# Supplied information
= = = =

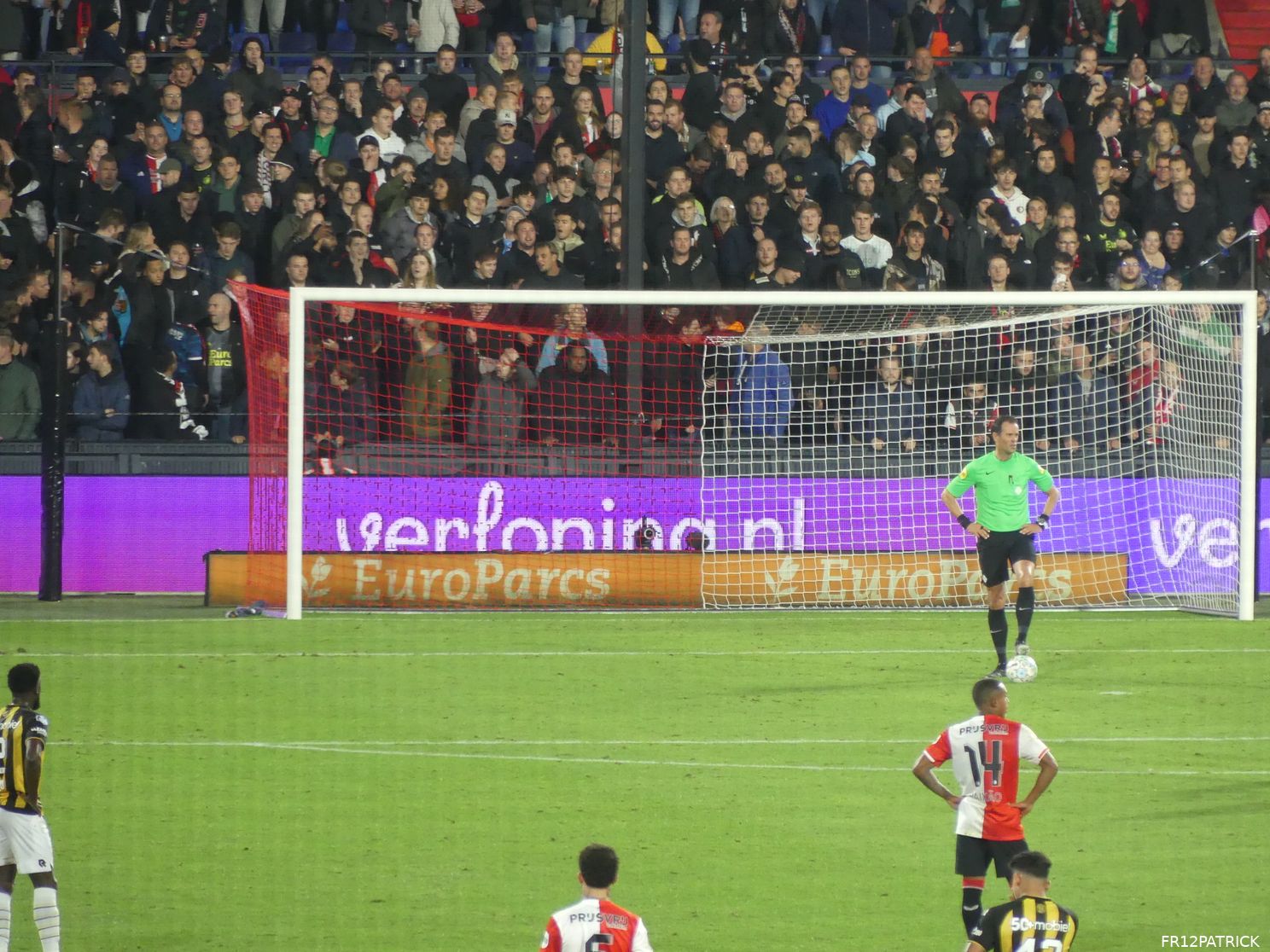 Fotoverslag Feyenoord - Vitesse online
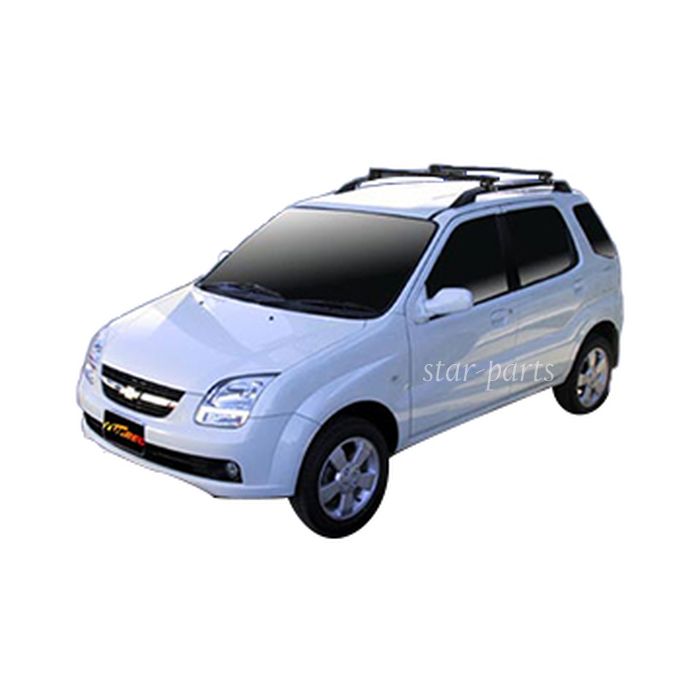 スズキ シボレークルーズ 型式 HR51S HR81S 用 | タフレック SUZUKI システムキャリア 精興工業 部品 車 パーツ カスタム カスタムパーツ ルーフキャリア ベースキャリア キット ルーフラック カーパーツ ルーフ 外装 カーキャリア キャリア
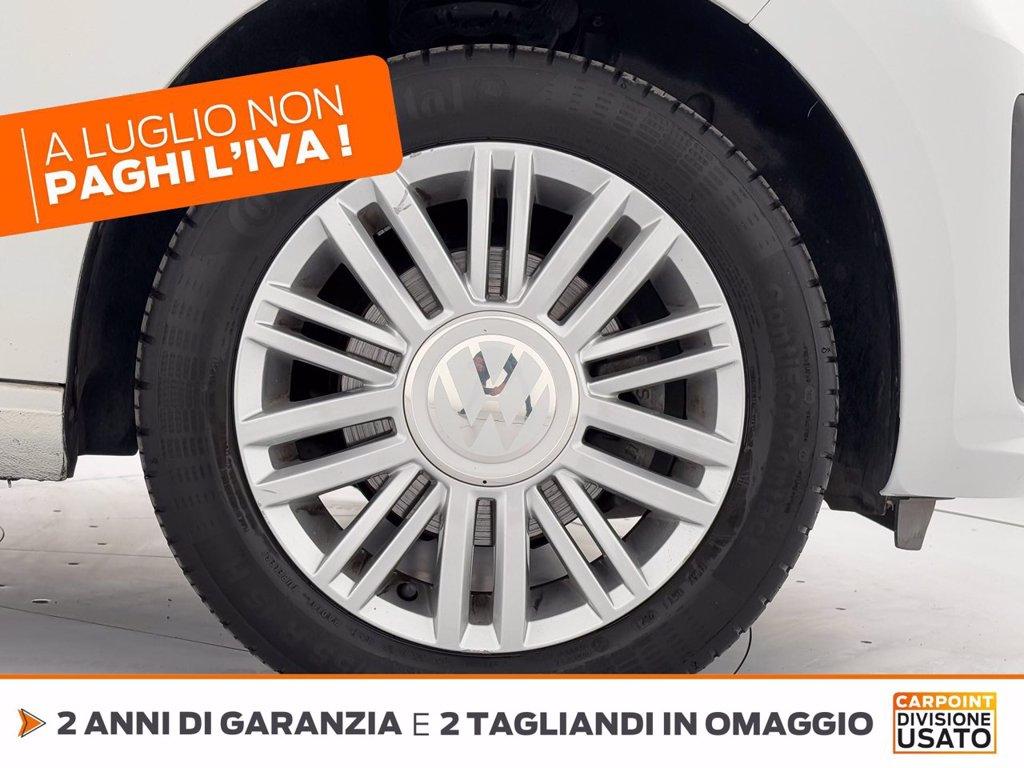 VOLKSWAGEN Up! 5p 1.0 eco up! move up! 68cv my20 del 2021
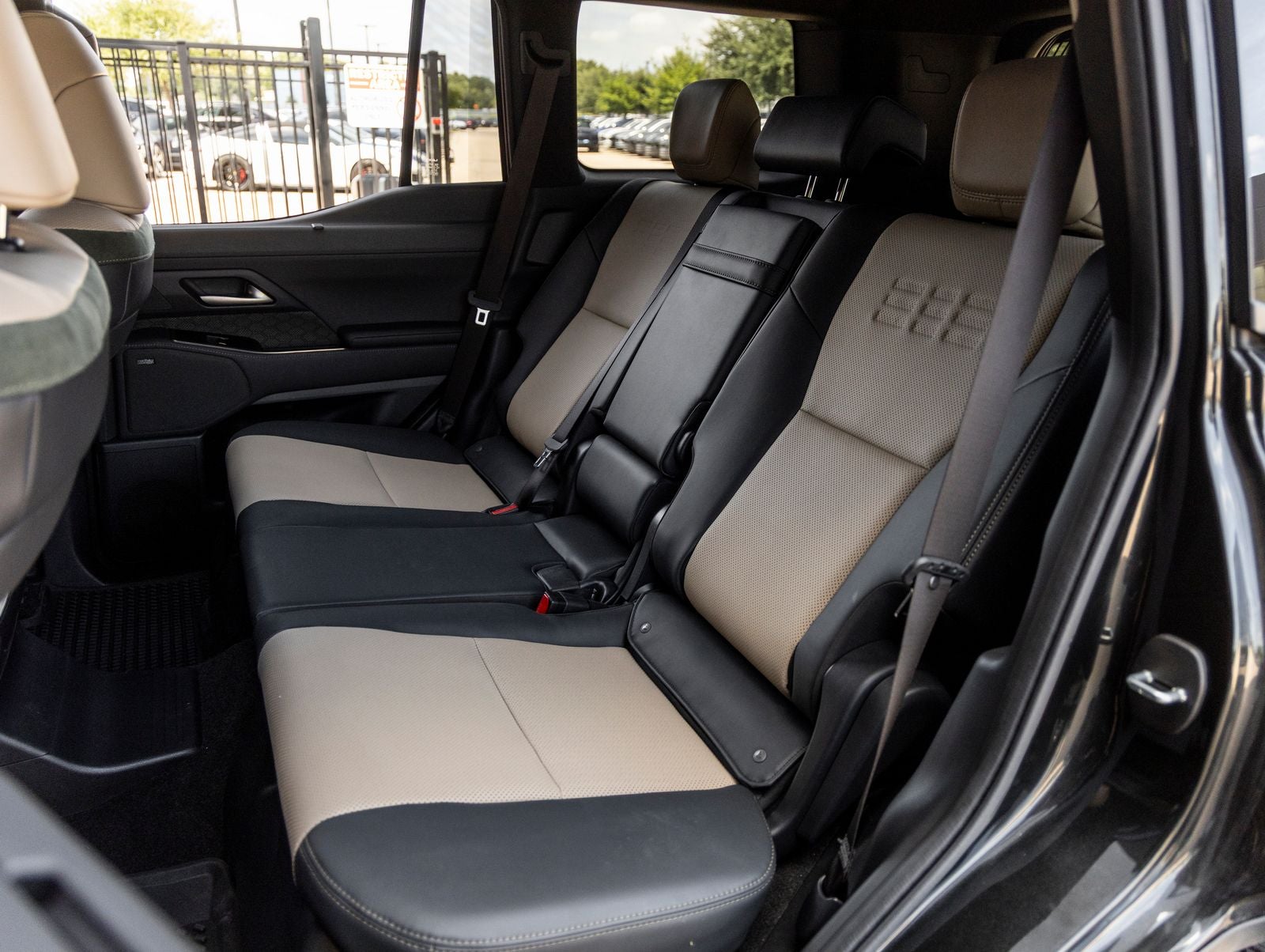 2024 Lexus GX 550 Overtrail+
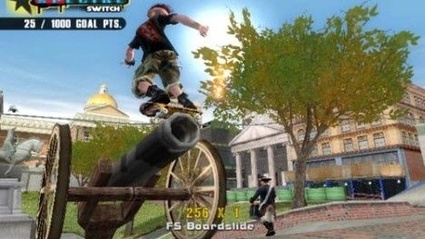 Tony Hawk's Underground 2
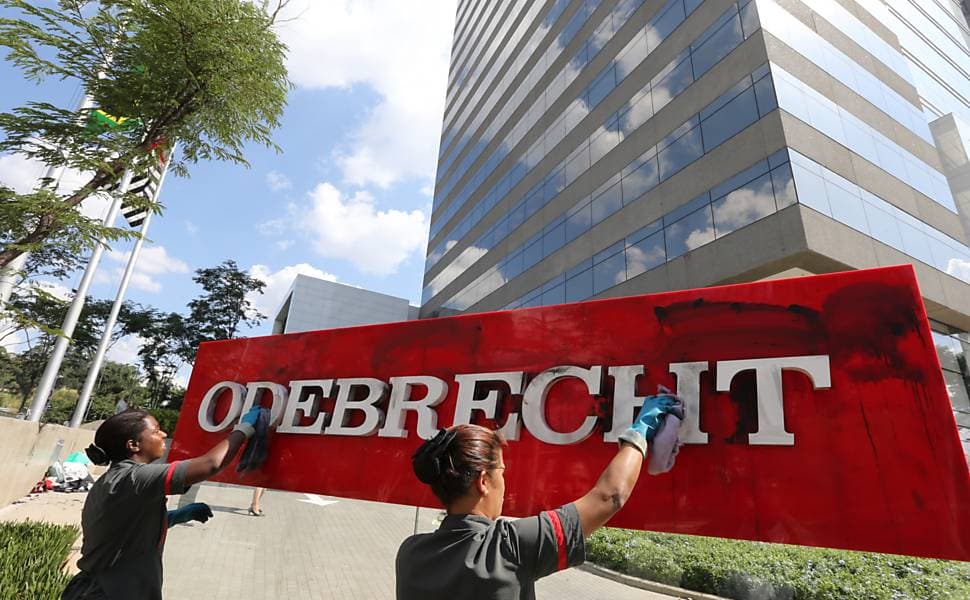 Odebrecht é menos ética que uma boca de fumo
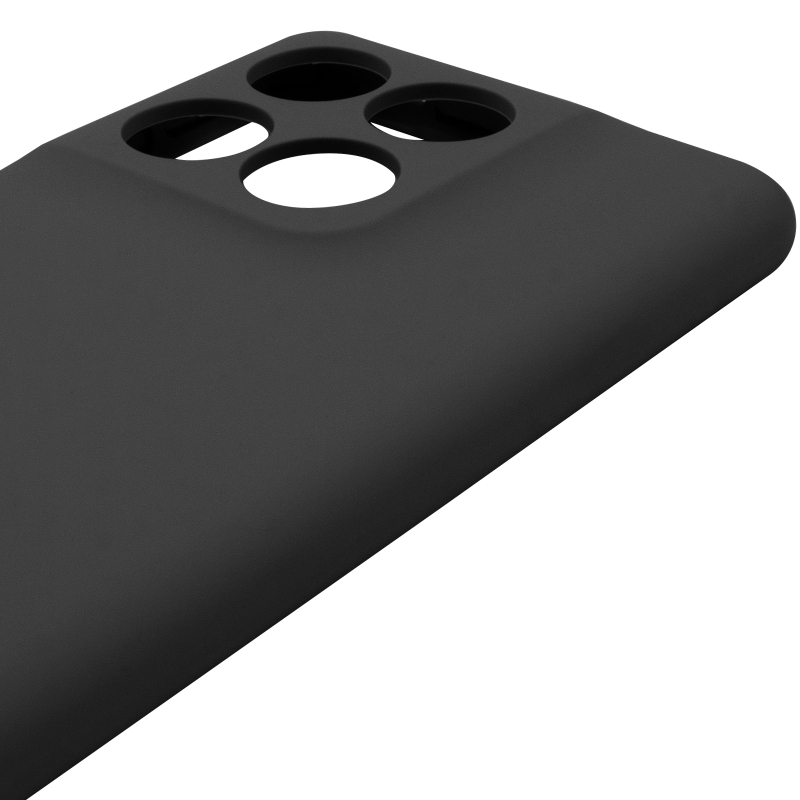 Чохол Silicone Cover Lakshmi Full Camera (AAA) для Motorola Edge 60 / Edge 60 Fusion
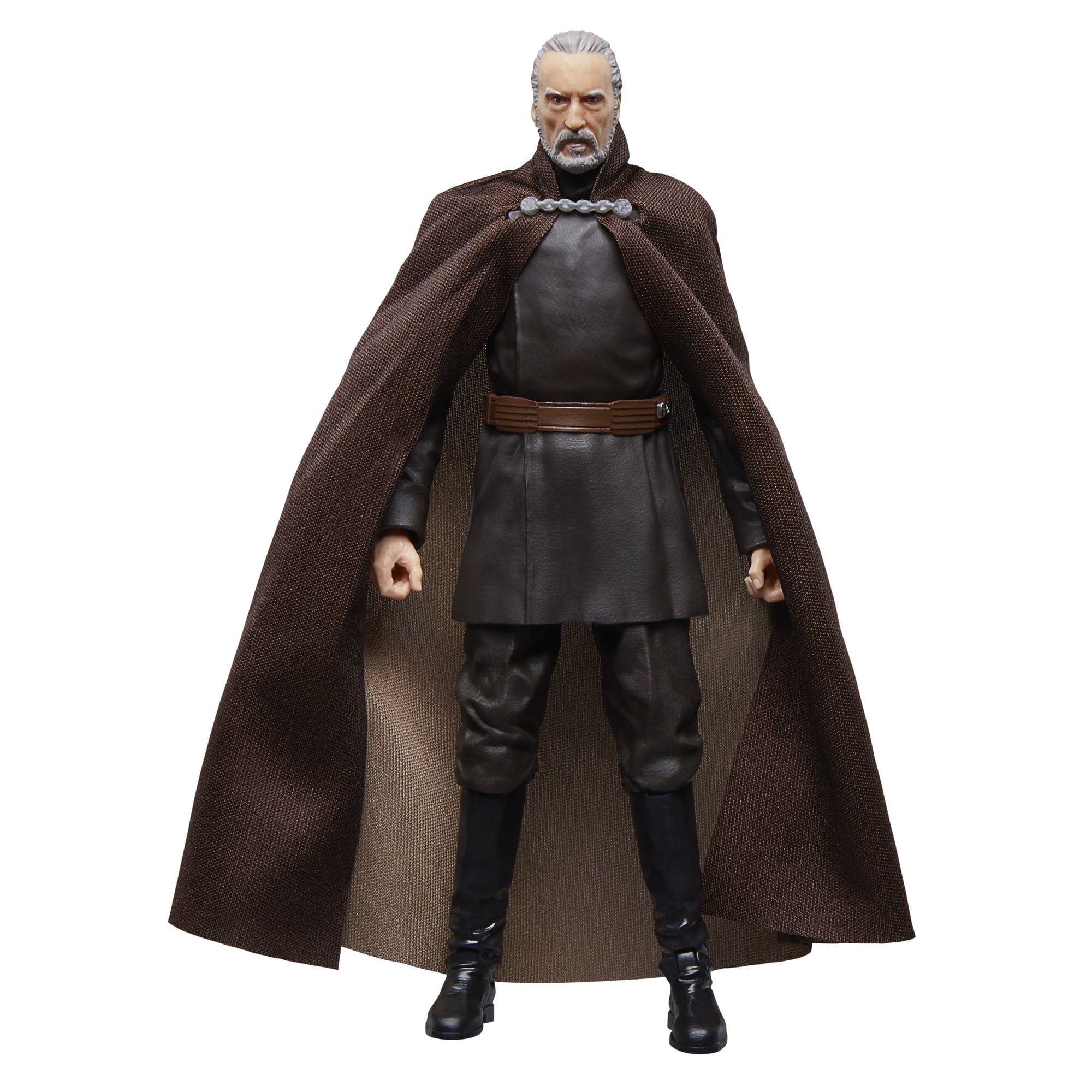 Star Wars The Black Series Count Dooku, Star Wars: Revenge of the Sith Action Figure 6 Inch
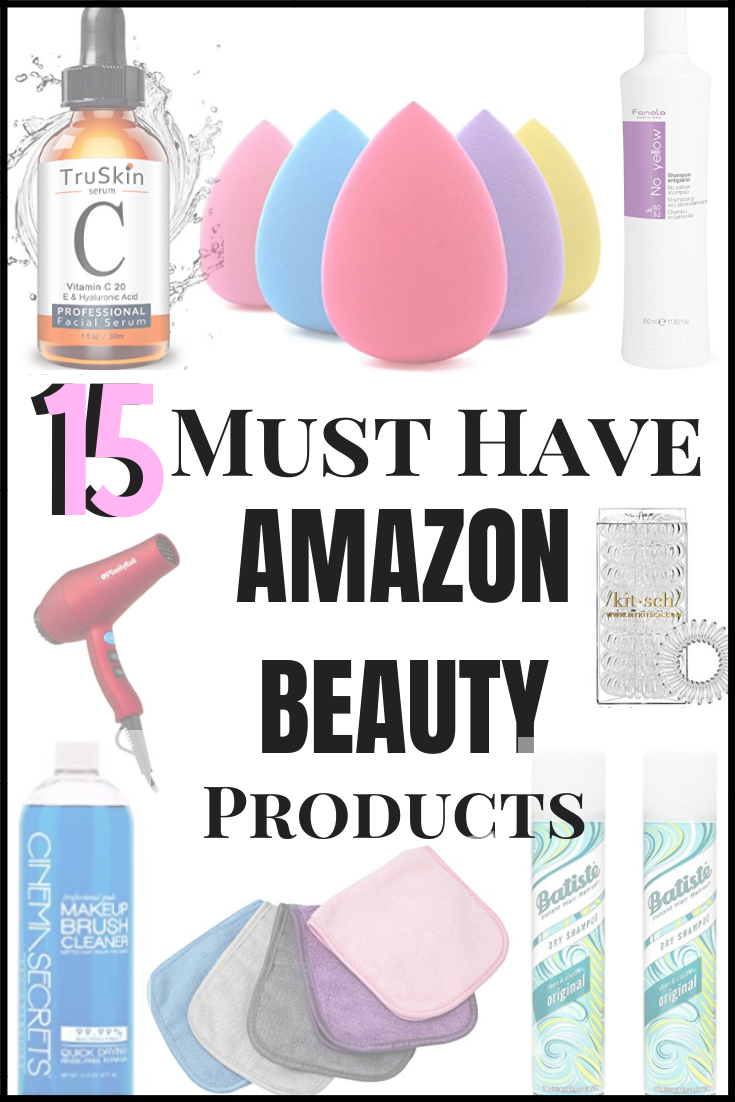 Amazon Beauty Products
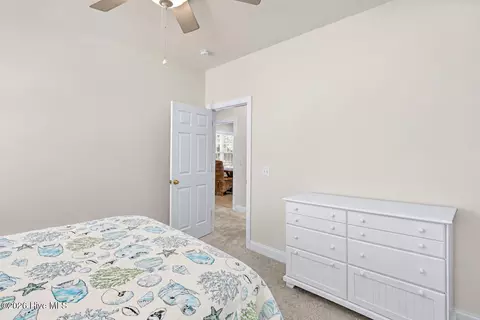Bedroom - 302 Pecan Ct, Hampstead, NC 28443 photo 7 of 7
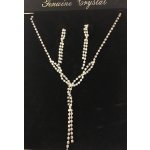 Fashion Jewelry souprava štrasová 8-bn345 – Zbozi.Blesk.cz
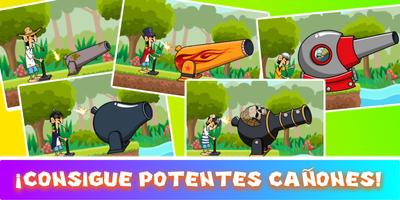 Chicken Cannon captura de pantalla 2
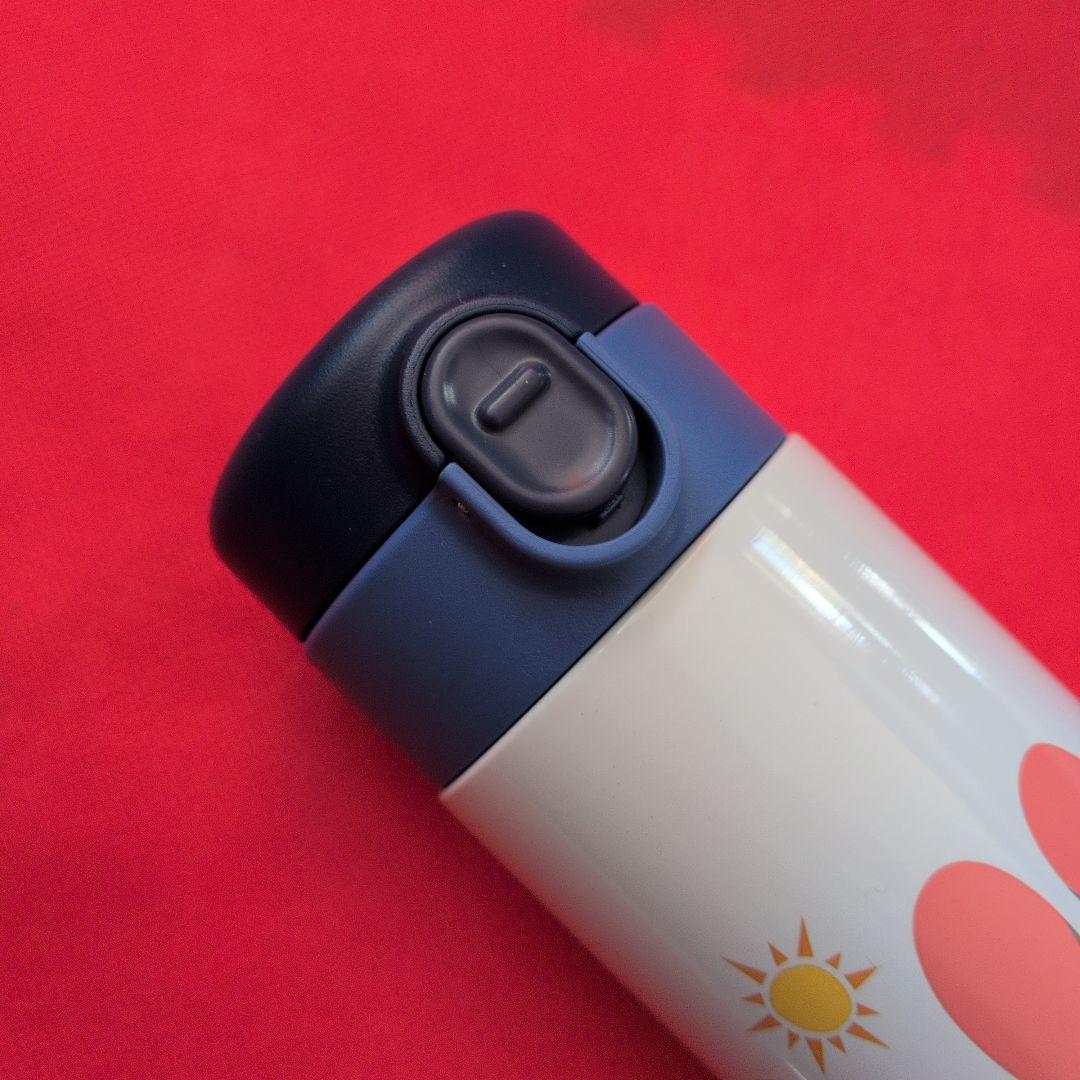 上海ディズニーランド ズートピア ジュディぬいぐるみカバー付き水筒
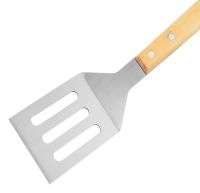A universal set of barbecue tools 4 in 1 + a case, a set of accessories for barbecue, picnic and barbecue, Barbecue accessories in a case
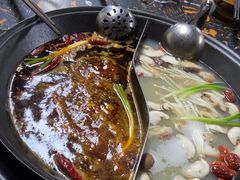 -乖嬢嬢重庆老火锅(南联店)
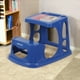 thumbnail image 3 of Mesa Escritorio con Asiento Para Niños 47x55x74cm Gamepower azul Tamano Unico, 3 of 5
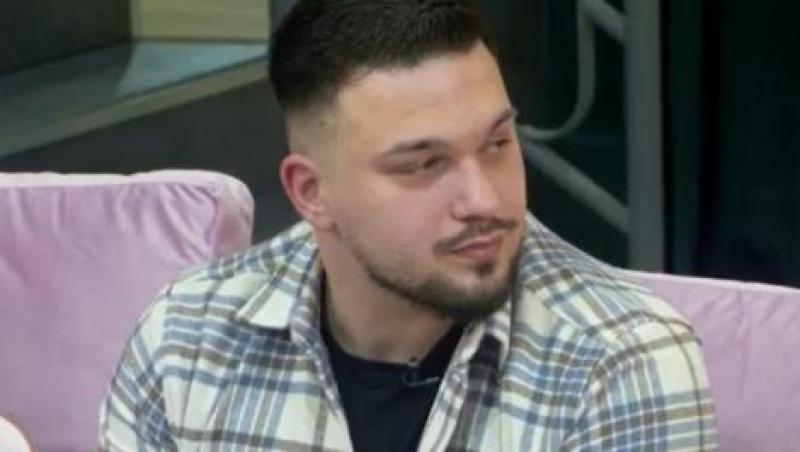 Mireasa sezon 7. Roberto a devenit tătic. Imaginea emoționantă cu bebelușul său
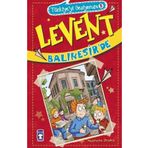 Timaş Çocuk - Levent Türkiye'yi Geziyorum - 05 Levent Balıkesir'de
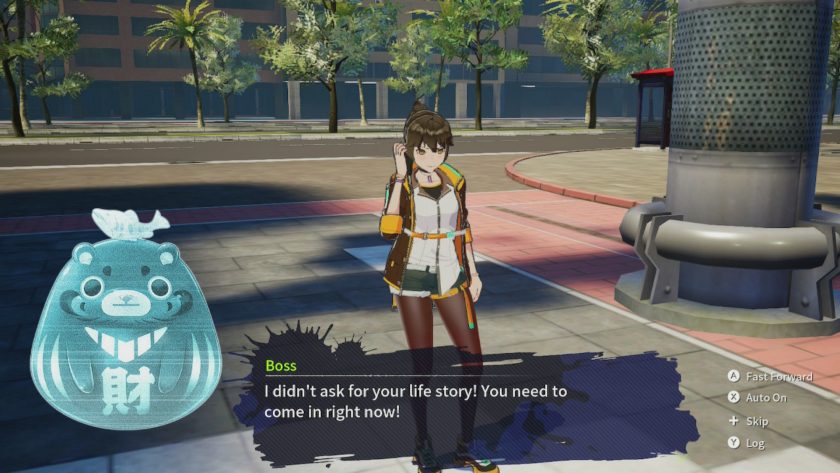 LadiesGamers Dusk Diver 2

= = = =

# Aim of the task
Your answer should hold only the lines from the line with "VOLKSWAGEN Up! 5p" through the closing line of the records, restated exactly and free of pictures.

# Task answer
 VOLKSWAGEN Up! 5p 1.0 eco up! move up! 68cv my20 del 2021
 2024 Lexus GX 550 Overtrail+
 Tony Hawk's Underground 2
 Odebrecht é menos ética que uma boca de fumo
 Чохол Silicone Cover Lakshmi Full Camera (AAA) для Motorola Edge 60 / Edge 60 Fusion
 Star Wars The Black Series Count Dooku, Star Wars: Revenge of the Sith Action Figure 6 Inch
 Amazon Beauty Products
Bedroom - 302 Pecan Ct, Hampstead, NC 28443 photo 7 of 7
 Fashion Jewelry souprava štrasová 8-bn345 – Zbozi.Blesk.cz
 Chicken Cannon captura de pantalla 2
 上海ディズニーランド ズートピア ジュディぬいぐるみカバー付き水筒
A universal set of barbecue tools 4 in 1 + a case, a set of accessories for barbecue, picnic and barbecue, Barbecue accessories in a case
 -乖嬢嬢重庆老火锅(南联店)
 thumbnail image 3 of Mesa Escritorio con Asiento Para Niños 47x55x74cm Gamepower azul Tamano Unico, 3 of 5
 Mireasa sezon 7. Roberto a devenit tătic. Imaginea emoționantă cu bebelușul său
 Timaş Çocuk - Levent Türkiye'yi Geziyorum - 05 Levent Balıkesir'de
 LadiesGamers Dusk Diver 2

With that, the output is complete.